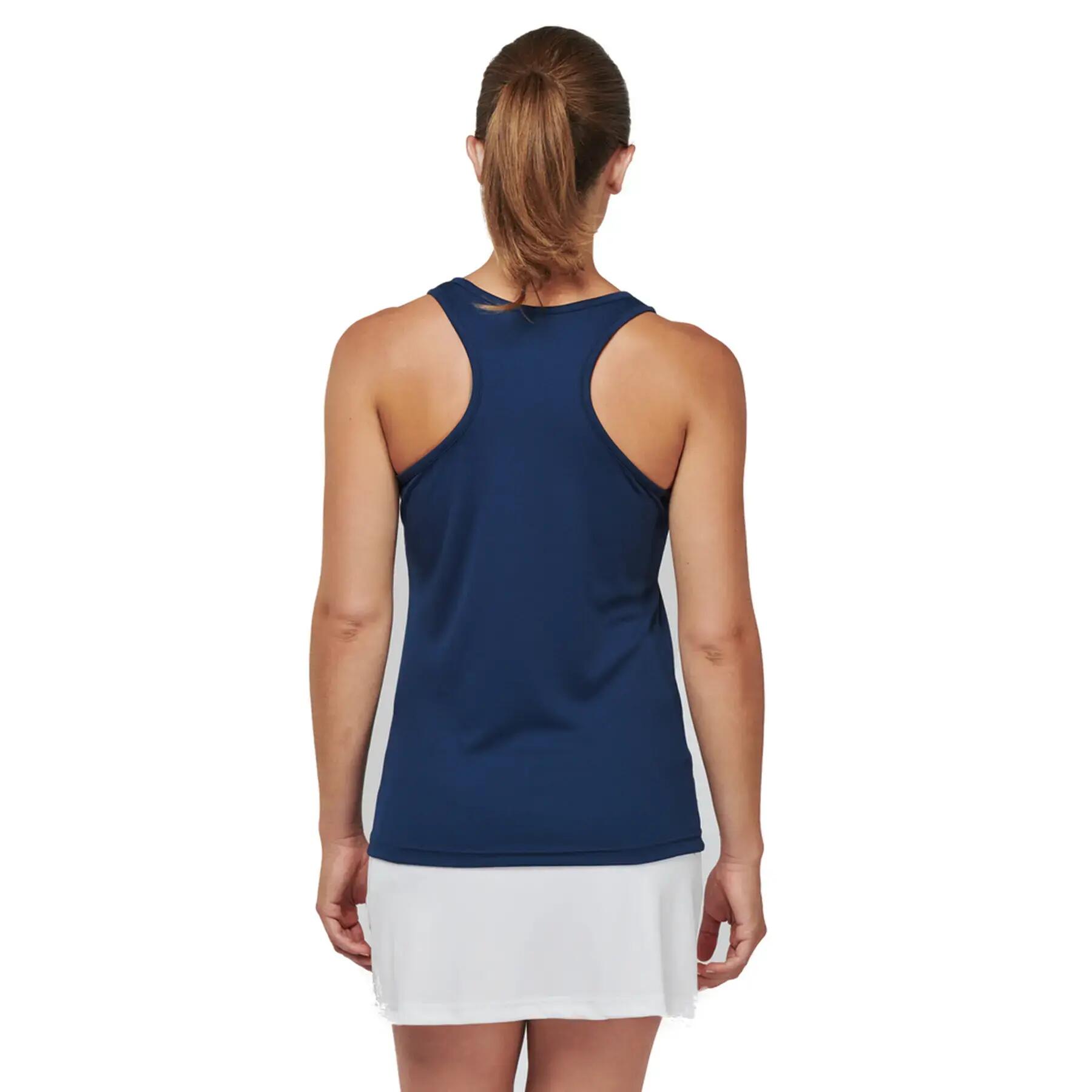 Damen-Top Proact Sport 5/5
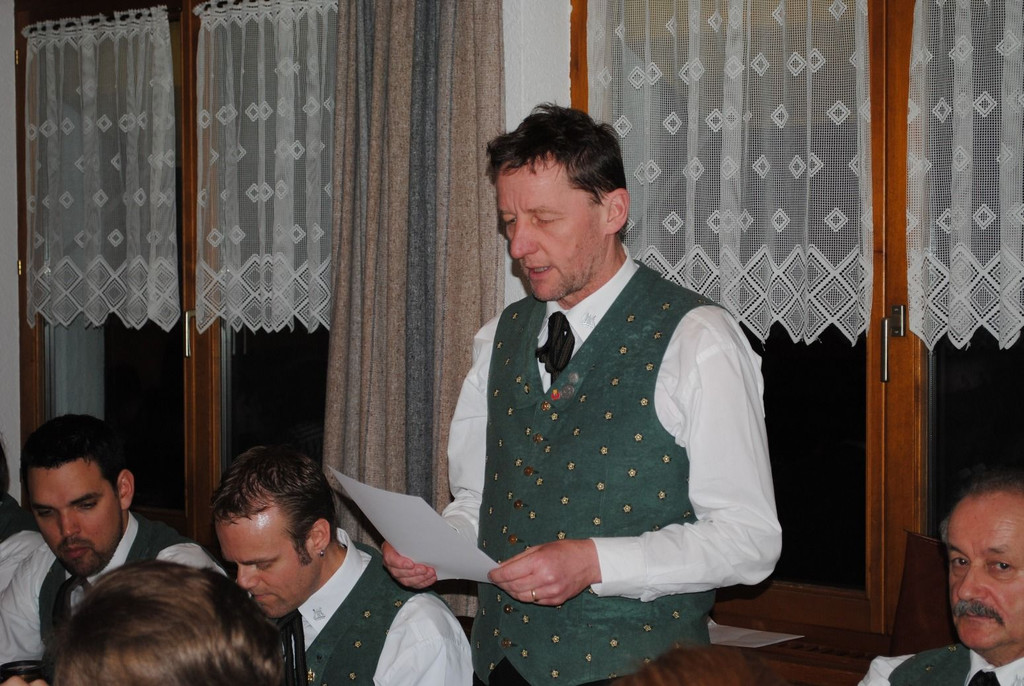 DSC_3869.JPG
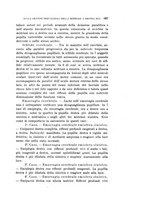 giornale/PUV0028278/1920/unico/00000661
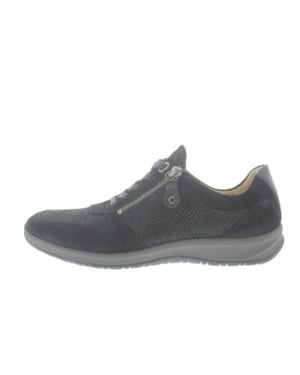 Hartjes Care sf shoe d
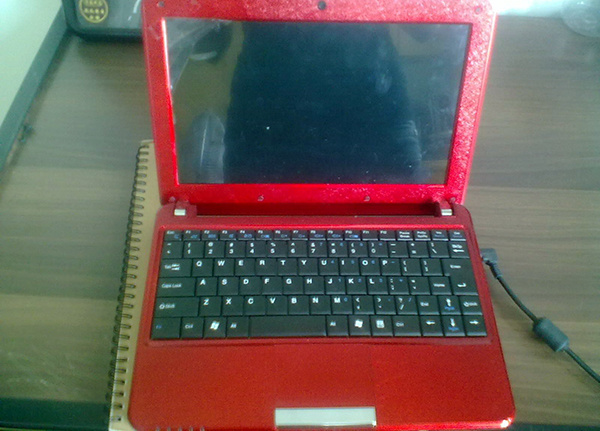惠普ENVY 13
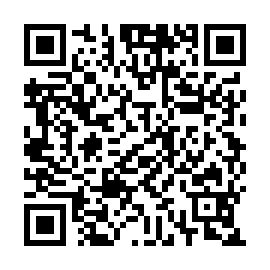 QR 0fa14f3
☆ ☆ ☆ ☆
ACTIVITY — From the line containing "giornale/PUV0028278/1920/unico/00000661" through the final line of the listing above, reproduce every line exactly, with no pictures.

RESPONSE TO THIS EXERCISE —
 giornale/PUV0028278/1920/unico/00000661
 Hartjes Care sf shoe d
惠普ENVY 13
 QR 0fa14f3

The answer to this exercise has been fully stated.